Quelles qualités nécessitent ce métier ?

« Ce métier me demande d’être organisée, précise et rapide. Il faut faire preuve de maturité pour rentrer dans le monde du travail autrement on arrête. Dans ma classe en début d’année, nous étions 25 apprentis, en cette fin de première année nous sommes 17 apprentis dont 2 filles.»

 

Quelles sont les difficultés que vous avez rencontrées ?

« Ce qui a été difficile pour moi est de voir mon travail jeté à la poubelle car invendu. Nous sommes dans l’éphémère et nos créations au beurre, comme par exemple les buches de noël ne se gardent pas plus de 48 heures ! Il faut accepter de se tromper, gâcher du temps et des matières premières avant de maîtriser les techniques.
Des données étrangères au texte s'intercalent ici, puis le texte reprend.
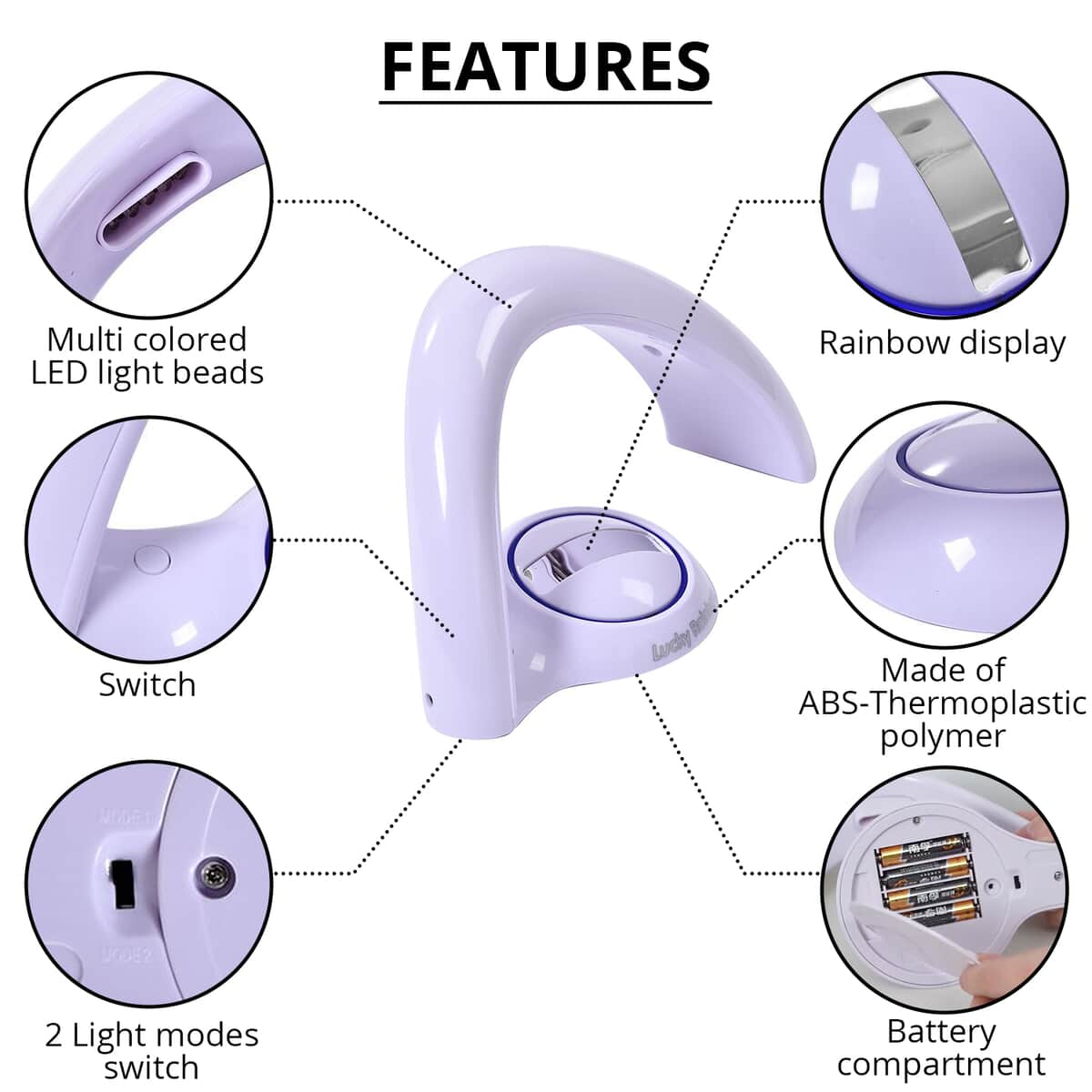 White Enchanting Rainbow LED Night Projection Lamp image number 2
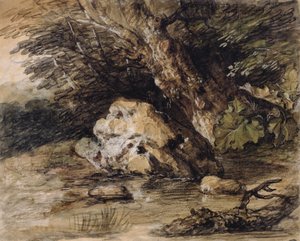 Pagórkowaty krajobraz z postaciami zbliżającymi się do mostu, ok. 1763 (wc i gwasz na papierze) autorstwa Thomas Gainsborough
Ensuite, il faut être capable d’exécuter les gestes professionnels toujours plus précis et plus vite, en deux mots : être productif. Enfin, avoir une bonne résistance physique pour travailler debout pendant des heures et porter à la fois deux sacs de farine de 25kg chacun ! »

 

Quel est votre conseil pour les personnes qui hésitent à s’engager dans la pâtisserie ?

« Pâtissiers, pâtissières, oui c’est possible ! Prouve-le à toi-même et aux autres. Tu en es capable et peux faire aussi bien que tu sois une femme ou un homme. Tu dois être adaptable. Toutes les difficultés ont leurs solutions à toi de les trouver.»